*Work instructions:* Copy each line, word for word, from the one with "دولت اگر بخواهد" through the final line of the listing, but skip the pictures.

*Supplied information:*

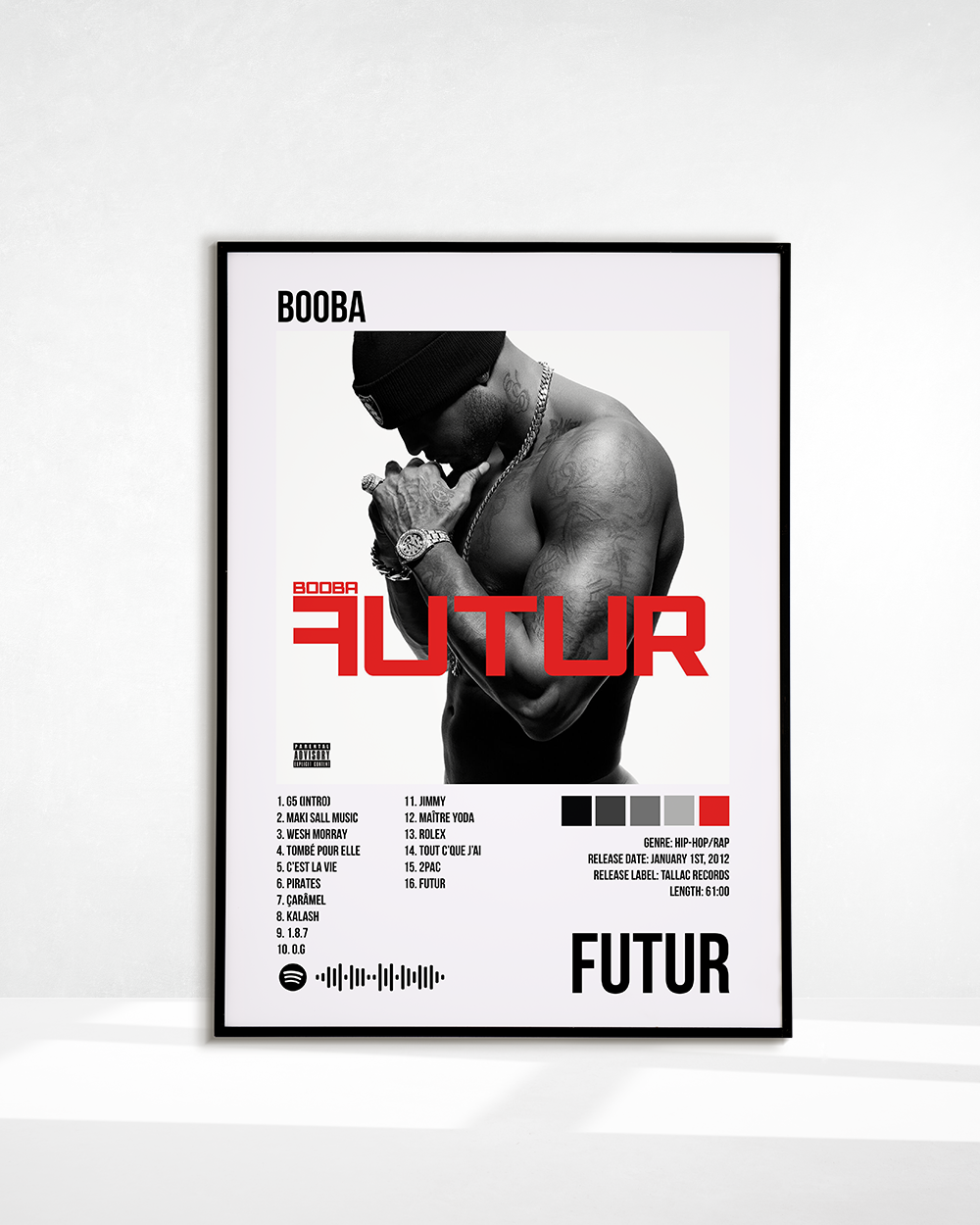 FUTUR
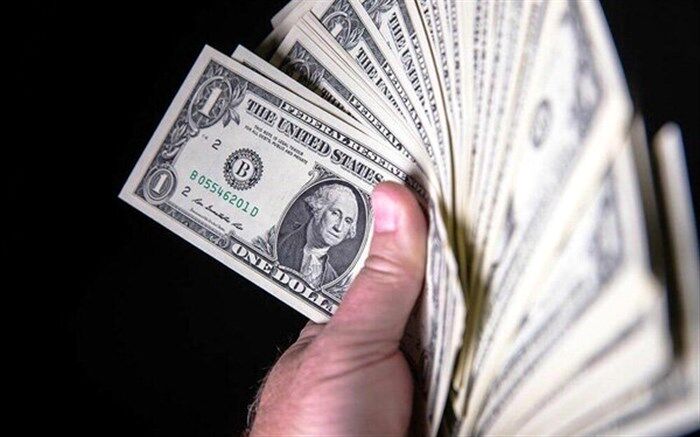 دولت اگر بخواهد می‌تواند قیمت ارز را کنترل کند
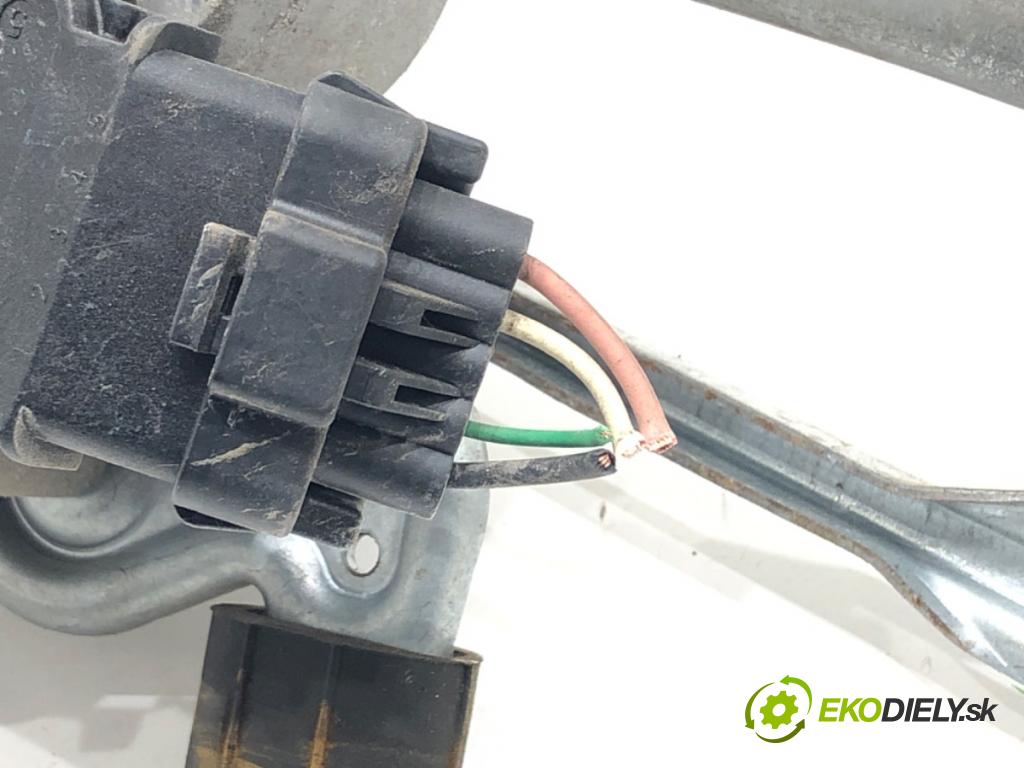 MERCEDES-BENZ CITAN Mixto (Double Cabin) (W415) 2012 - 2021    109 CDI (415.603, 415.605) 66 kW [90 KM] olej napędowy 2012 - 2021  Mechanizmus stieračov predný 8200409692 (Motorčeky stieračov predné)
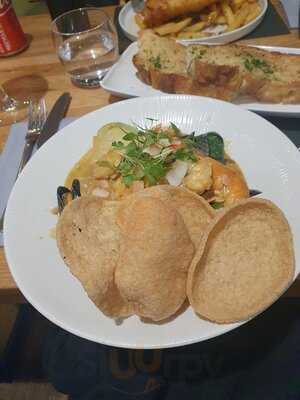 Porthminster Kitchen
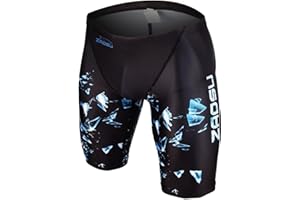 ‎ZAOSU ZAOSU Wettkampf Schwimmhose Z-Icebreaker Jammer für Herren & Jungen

*Expected answer:*
 دولت اگر بخواهد می‌تواند قیمت ارز را کنترل کند
 MERCEDES-BENZ CITAN Mixto (Double Cabin) (W415) 2012 - 2021    109 CDI (415.603, 415.605) 66 kW [90 KM] olej napędowy 2012 - 2021  Mechanizmus stieračov predný 8200409692 (Motorčeky stieračov predné)
 Porthminster Kitchen
 ‎ZAOSU ZAOSU Wettkampf Schwimmhose Z-Icebreaker Jammer für Herren & Jungen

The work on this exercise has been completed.